** DATA TO PROCESS follows **
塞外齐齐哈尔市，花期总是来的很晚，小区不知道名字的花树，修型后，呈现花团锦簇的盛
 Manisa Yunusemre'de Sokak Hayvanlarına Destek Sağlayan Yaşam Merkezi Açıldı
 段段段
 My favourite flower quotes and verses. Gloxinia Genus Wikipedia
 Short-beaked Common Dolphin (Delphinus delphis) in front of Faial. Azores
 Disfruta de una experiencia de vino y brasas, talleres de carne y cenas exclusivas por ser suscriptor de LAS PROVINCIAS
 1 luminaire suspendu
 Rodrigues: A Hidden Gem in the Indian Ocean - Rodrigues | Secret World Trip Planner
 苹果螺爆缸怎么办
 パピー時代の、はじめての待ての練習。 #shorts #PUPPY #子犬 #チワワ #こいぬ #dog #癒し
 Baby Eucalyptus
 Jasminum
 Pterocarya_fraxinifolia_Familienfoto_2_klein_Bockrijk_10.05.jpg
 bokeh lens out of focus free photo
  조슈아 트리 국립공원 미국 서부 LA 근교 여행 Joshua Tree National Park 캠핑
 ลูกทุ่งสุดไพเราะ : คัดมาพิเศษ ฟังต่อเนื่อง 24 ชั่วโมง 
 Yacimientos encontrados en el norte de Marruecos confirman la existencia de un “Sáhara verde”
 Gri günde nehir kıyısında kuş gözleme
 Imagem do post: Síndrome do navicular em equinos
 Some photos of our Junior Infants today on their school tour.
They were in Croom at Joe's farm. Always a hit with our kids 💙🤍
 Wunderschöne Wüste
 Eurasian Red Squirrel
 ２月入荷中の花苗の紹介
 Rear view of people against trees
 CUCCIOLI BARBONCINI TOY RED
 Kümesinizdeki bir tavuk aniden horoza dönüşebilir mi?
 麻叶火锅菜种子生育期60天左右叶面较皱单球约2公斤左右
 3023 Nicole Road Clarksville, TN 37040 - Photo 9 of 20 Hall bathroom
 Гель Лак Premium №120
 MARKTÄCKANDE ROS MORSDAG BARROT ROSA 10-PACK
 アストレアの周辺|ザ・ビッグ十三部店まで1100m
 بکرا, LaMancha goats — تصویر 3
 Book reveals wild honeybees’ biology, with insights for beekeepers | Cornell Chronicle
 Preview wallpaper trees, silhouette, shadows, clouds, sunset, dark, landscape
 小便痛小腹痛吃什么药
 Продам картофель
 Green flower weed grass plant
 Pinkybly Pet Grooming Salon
** End of DATA TO PROCESS **
- ACTION ITEM: Retype every line of the listing, word for word, from its opening line to the line that holds "アストレアの周辺|ザ・ビッグ十三部店まで1100m", and include that last line too.

- EXERCISE RESPONSE:
塞外齐齐哈尔市，花期总是来的很晚，小区不知道名字的花树，修型后，呈现花团锦簇的盛
 Manisa Yunusemre'de Sokak Hayvanlarına Destek Sağlayan Yaşam Merkezi Açıldı
 段段段
 My favourite flower quotes and verses. Gloxinia Genus Wikipedia
 Short-beaked Common Dolphin (Delphinus delphis) in front of Faial. Azores
 Disfruta de una experiencia de vino y brasas, talleres de carne y cenas exclusivas por ser suscriptor de LAS PROVINCIAS
 1 luminaire suspendu
 Rodrigues: A Hidden Gem in the Indian Ocean - Rodrigues | Secret World Trip Planner
 苹果螺爆缸怎么办
 パピー時代の、はじめての待ての練習。 #shorts #PUPPY #子犬 #チワワ #こいぬ #dog #癒し
 Baby Eucalyptus
 Jasminum
 Pterocarya_fraxinifolia_Familienfoto_2_klein_Bockrijk_10.05.jpg
 bokeh lens out of focus free photo
  조슈아 트리 국립공원 미국 서부 LA 근교 여행 Joshua Tree National Park 캠핑
 ลูกทุ่งสุดไพเราะ : คัดมาพิเศษ ฟังต่อเนื่อง 24 ชั่วโมง 
 Yacimientos encontrados en el norte de Marruecos confirman la existencia de un “Sáhara verde”
 Gri günde nehir kıyısında kuş gözleme
 Imagem do post: Síndrome do navicular em equinos
 Some photos of our Junior Infants today on their school tour.
They were in Croom at Joe's farm. Always a hit with our kids 💙🤍
 Wunderschöne Wüste
 Eurasian Red Squirrel
 ２月入荷中の花苗の紹介
 Rear view of people against trees
 CUCCIOLI BARBONCINI TOY RED
 Kümesinizdeki bir tavuk aniden horoza dönüşebilir mi?
 麻叶火锅菜种子生育期60天左右叶面较皱单球约2公斤左右
 3023 Nicole Road Clarksville, TN 37040 - Photo 9 of 20 Hall bathroom
 Гель Лак Premium №120
 MARKTÄCKANDE ROS MORSDAG BARROT ROSA 10-PACK
 アストレアの周辺|ザ・ビッグ十三部店まで1100m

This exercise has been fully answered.